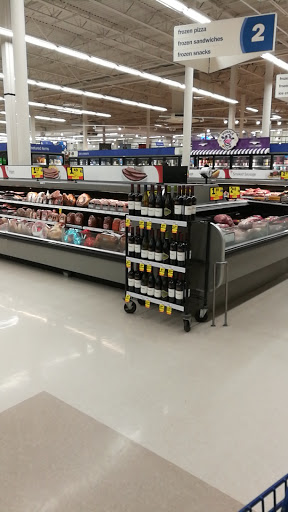 Grocery Store «Meijer», reviews and photos, 2055 W Grand River Ave, Okemos, MI 48864, USA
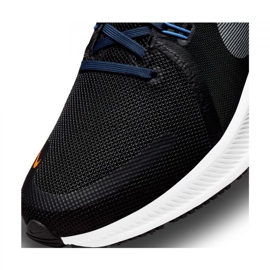 Chaussure de course Nike Quest 4 M DA1105-004 le noir 2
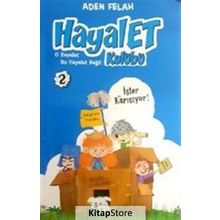 Hayalet Kulübü 2 - Aden Felah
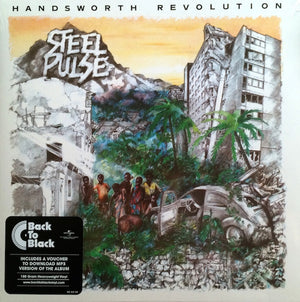 STEEL PULSE | HANDSWORTH REVOLUTION - US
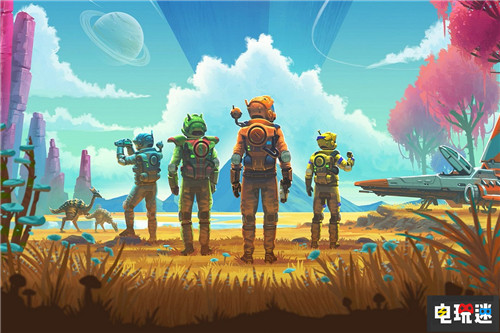 《無人深空》開發(fā)商對Switch版很感興趣 Switch 任天堂 無人深空 任天堂SWITCH  第3張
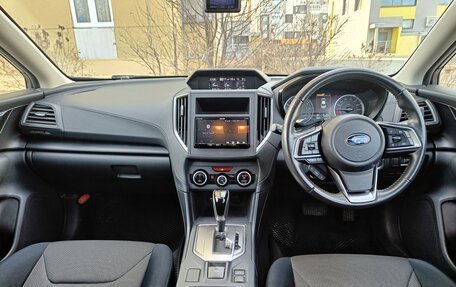 Subaru Impreza IV, 2019 год, 1 600 000 рублей, 12 фотография
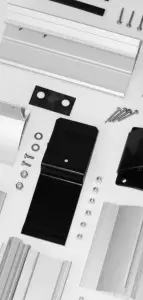 FIAMMA 98655-658 Brandup VW T5 T6 Kit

####################

**Description of the task**
Working from the line with "Switch 任天堂 無人深空" to the last line of the material above, repeat each line exactly and leave out the pictures.

**Exercise solution**
 《無人深空》開發(fā)商對Switch版很感興趣 Switch 任天堂 無人深空 任天堂SWITCH  第3張
 Subaru Impreza IV, 2019 год, 1 600 000 рублей, 12 фотография
 FIAMMA 98655-658 Brandup VW T5 T6 Kit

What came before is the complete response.